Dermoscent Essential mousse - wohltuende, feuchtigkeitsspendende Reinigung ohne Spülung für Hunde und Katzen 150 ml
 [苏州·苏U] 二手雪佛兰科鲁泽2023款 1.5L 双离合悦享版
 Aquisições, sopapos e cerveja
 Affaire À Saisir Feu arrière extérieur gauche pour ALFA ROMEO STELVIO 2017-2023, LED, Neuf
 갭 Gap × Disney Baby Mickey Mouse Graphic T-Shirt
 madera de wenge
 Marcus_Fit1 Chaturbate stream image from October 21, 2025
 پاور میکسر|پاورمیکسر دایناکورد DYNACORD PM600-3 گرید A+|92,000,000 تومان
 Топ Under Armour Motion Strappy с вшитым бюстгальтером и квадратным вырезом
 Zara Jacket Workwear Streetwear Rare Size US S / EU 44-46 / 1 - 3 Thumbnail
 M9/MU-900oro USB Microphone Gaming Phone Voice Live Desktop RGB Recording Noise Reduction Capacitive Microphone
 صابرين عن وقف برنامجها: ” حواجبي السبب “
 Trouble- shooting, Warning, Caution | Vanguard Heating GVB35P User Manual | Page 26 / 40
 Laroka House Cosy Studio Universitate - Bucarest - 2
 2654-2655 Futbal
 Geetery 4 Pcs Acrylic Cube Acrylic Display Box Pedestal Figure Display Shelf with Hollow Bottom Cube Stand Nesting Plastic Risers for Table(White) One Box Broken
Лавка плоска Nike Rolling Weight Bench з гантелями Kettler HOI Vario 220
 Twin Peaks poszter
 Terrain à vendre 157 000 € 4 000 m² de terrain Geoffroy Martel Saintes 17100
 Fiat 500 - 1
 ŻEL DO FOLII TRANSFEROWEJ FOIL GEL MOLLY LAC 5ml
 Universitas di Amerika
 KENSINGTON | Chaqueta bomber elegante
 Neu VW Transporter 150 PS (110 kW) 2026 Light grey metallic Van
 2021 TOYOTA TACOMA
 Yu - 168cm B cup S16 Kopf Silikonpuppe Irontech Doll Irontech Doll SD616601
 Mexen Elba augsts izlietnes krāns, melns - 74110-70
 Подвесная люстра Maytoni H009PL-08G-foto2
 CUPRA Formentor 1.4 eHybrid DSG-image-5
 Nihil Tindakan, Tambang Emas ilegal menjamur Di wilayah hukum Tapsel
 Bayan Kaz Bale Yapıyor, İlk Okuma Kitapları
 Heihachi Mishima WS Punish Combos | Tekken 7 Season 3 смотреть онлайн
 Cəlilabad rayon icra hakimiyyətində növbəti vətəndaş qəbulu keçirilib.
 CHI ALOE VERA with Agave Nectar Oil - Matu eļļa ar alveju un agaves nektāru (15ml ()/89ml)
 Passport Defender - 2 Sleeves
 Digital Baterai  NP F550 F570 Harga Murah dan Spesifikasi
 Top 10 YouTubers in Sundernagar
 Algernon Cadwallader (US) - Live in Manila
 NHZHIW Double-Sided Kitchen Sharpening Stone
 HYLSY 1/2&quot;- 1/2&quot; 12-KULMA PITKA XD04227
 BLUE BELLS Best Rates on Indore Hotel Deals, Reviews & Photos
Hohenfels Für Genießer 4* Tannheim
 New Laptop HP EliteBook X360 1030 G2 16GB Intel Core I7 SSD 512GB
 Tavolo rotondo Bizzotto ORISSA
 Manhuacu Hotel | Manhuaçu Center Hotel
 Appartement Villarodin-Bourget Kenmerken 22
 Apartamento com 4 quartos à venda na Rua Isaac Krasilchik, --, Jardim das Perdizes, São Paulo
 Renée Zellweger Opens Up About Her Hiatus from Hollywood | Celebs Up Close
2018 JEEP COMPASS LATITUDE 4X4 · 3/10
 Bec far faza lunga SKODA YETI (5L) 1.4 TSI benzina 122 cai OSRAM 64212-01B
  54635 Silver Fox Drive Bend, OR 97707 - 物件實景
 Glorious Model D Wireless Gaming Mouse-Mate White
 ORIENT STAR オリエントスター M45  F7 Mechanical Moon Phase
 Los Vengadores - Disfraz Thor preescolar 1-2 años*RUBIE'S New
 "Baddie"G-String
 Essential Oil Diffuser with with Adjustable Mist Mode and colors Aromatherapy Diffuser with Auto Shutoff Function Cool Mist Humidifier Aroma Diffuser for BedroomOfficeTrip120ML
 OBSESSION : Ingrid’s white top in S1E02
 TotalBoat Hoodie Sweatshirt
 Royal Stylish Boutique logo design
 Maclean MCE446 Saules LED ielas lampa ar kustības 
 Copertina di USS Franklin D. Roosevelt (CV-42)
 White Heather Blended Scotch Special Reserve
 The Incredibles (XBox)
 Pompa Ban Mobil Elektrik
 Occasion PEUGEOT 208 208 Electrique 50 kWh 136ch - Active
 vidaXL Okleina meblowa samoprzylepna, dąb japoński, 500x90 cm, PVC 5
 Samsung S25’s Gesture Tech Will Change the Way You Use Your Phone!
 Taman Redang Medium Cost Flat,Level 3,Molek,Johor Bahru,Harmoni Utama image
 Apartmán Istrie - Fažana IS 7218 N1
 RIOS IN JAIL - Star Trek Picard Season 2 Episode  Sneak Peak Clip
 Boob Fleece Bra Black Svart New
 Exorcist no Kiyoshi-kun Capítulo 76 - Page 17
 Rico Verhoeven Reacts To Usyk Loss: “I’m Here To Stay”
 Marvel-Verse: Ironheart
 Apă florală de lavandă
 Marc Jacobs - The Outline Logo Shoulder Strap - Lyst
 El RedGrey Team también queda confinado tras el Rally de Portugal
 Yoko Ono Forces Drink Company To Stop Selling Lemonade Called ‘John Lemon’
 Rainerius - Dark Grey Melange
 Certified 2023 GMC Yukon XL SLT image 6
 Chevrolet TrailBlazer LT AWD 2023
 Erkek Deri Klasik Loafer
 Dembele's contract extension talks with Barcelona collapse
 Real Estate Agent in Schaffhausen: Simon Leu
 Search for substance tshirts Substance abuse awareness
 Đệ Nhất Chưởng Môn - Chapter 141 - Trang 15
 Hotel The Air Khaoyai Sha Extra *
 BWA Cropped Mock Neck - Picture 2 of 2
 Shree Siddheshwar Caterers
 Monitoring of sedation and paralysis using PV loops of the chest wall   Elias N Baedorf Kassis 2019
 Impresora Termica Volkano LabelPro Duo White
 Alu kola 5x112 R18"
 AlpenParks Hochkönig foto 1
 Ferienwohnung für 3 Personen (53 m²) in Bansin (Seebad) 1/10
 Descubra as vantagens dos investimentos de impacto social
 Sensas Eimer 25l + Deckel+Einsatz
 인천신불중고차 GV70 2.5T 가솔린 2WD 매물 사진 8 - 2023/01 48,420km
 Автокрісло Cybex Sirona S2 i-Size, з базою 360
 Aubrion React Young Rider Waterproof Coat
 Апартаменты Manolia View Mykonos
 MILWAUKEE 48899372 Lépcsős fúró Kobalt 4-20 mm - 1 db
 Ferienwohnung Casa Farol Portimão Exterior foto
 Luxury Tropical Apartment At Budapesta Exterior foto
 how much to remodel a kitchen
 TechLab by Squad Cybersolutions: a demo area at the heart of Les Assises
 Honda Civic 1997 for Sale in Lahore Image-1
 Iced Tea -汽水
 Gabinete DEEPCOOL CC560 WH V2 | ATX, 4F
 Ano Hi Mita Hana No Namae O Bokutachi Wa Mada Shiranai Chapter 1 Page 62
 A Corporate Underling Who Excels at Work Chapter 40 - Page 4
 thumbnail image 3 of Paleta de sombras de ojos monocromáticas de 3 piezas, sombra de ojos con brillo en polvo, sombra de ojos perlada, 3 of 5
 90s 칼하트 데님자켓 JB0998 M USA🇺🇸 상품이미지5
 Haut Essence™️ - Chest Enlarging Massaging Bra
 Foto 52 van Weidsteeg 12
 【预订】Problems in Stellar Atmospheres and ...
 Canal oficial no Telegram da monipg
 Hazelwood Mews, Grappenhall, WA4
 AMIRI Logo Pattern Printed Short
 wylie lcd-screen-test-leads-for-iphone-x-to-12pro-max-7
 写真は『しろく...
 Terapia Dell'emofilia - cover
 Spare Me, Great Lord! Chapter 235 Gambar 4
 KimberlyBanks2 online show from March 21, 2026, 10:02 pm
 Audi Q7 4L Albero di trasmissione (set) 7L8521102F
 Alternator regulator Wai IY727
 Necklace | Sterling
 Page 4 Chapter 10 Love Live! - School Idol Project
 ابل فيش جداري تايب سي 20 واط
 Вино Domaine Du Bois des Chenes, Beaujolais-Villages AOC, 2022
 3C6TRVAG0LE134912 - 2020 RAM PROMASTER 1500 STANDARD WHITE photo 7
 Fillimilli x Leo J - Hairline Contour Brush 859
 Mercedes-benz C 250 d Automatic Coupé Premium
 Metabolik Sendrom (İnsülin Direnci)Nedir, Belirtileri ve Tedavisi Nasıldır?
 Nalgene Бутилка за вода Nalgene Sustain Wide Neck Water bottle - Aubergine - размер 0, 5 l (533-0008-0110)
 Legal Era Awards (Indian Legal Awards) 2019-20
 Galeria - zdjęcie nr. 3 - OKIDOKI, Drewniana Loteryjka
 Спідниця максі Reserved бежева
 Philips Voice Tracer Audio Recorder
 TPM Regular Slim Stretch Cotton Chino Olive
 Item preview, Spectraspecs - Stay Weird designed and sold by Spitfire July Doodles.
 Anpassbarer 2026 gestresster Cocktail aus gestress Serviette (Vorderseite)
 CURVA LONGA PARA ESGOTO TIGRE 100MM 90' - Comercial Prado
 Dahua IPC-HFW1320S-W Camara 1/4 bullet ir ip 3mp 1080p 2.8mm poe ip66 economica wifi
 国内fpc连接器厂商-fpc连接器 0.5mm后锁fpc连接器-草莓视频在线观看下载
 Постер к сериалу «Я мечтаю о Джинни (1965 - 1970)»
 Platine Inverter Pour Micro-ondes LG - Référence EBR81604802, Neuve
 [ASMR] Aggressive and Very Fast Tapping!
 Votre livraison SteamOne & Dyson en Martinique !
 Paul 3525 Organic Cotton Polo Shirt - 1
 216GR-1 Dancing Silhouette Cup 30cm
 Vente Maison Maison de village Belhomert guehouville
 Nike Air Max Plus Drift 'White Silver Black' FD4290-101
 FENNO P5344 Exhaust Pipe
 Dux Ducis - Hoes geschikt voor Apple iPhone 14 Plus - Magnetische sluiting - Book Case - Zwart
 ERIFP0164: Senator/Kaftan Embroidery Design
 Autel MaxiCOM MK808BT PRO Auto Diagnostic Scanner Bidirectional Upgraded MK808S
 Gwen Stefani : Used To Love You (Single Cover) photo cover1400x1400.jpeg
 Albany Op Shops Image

■ ■ ■ ■ ■ ■ ■

Tell how many lines of the listing contain the string "Chapter", giving the number without any other words.

- **REPLY**: 5